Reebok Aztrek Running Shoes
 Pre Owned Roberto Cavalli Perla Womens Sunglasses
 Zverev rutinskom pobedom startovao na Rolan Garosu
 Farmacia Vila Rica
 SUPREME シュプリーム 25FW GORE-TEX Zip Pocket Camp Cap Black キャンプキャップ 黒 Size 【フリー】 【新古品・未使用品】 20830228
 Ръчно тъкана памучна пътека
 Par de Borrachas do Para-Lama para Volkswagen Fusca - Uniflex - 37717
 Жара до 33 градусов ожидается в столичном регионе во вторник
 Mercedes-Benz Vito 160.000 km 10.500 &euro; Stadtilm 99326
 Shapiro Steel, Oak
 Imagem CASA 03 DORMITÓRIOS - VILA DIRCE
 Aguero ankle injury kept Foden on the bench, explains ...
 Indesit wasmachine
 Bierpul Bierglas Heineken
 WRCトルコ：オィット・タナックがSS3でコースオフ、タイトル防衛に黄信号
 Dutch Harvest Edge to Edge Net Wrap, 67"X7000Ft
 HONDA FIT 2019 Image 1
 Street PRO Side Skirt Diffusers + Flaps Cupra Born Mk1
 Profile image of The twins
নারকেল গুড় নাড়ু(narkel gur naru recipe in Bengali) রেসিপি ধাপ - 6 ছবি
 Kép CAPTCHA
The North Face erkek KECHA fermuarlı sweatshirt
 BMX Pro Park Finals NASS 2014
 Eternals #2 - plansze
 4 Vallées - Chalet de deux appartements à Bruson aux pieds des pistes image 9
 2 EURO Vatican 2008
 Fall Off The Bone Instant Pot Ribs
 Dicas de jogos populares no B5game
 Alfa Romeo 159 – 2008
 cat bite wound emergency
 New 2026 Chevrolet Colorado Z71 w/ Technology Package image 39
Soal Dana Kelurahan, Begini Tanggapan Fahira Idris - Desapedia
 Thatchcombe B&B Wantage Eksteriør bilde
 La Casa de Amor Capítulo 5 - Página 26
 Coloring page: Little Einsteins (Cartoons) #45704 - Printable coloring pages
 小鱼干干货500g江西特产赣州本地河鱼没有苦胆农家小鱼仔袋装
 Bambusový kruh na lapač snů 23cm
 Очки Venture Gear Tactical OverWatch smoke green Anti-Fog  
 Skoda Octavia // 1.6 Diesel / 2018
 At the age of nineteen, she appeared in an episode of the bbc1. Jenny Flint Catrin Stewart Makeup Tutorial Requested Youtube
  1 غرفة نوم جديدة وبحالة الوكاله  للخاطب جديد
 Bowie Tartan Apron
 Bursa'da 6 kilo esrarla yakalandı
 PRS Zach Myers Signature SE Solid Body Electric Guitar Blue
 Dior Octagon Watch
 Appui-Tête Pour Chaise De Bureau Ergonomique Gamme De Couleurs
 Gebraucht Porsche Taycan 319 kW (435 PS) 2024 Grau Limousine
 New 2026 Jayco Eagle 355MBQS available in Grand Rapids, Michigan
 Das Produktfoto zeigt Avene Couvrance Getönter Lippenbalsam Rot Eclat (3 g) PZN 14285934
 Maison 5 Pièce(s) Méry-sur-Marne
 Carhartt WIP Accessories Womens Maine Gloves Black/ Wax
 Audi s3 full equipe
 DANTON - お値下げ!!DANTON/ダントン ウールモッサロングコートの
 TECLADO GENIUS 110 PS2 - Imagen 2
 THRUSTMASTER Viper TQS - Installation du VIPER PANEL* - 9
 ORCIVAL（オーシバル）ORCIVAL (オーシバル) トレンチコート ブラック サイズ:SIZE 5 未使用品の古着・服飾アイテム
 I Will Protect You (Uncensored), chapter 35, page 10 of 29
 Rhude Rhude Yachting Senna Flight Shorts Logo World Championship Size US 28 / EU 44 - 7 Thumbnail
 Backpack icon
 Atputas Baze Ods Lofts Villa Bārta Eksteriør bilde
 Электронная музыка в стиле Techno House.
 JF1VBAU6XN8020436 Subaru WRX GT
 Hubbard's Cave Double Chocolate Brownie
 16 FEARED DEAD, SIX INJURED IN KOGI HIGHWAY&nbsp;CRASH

### [TRY IT]
In the listing above, please print only the lines from the first one to the line where "Soal Dana Kelurahan, Begini" appears, exactly as written, both of those lines included.

### [ANSWER SECTION]
Reebok Aztrek Running Shoes
 Pre Owned Roberto Cavalli Perla Womens Sunglasses
 Zverev rutinskom pobedom startovao na Rolan Garosu
 Farmacia Vila Rica
 SUPREME シュプリーム 25FW GORE-TEX Zip Pocket Camp Cap Black キャンプキャップ 黒 Size 【フリー】 【新古品・未使用品】 20830228
 Ръчно тъкана памучна пътека
 Par de Borrachas do Para-Lama para Volkswagen Fusca - Uniflex - 37717
 Жара до 33 градусов ожидается в столичном регионе во вторник
 Mercedes-Benz Vito 160.000 km 10.500 &euro; Stadtilm 99326
 Shapiro Steel, Oak
 Imagem CASA 03 DORMITÓRIOS - VILA DIRCE
 Aguero ankle injury kept Foden on the bench, explains ...
 Indesit wasmachine
 Bierpul Bierglas Heineken
 WRCトルコ：オィット・タナックがSS3でコースオフ、タイトル防衛に黄信号
 Dutch Harvest Edge to Edge Net Wrap, 67"X7000Ft
 HONDA FIT 2019 Image 1
 Street PRO Side Skirt Diffusers + Flaps Cupra Born Mk1
 Profile image of The twins
নারকেল গুড় নাড়ু(narkel gur naru recipe in Bengali) রেসিপি ধাপ - 6 ছবি
 Kép CAPTCHA
The North Face erkek KECHA fermuarlı sweatshirt
 BMX Pro Park Finals NASS 2014
 Eternals #2 - plansze
 4 Vallées - Chalet de deux appartements à Bruson aux pieds des pistes image 9
 2 EURO Vatican 2008
 Fall Off The Bone Instant Pot Ribs
 Dicas de jogos populares no B5game
 Alfa Romeo 159 – 2008
 cat bite wound emergency
 New 2026 Chevrolet Colorado Z71 w/ Technology Package image 39
Soal Dana Kelurahan, Begini Tanggapan Fahira Idris - Desapedia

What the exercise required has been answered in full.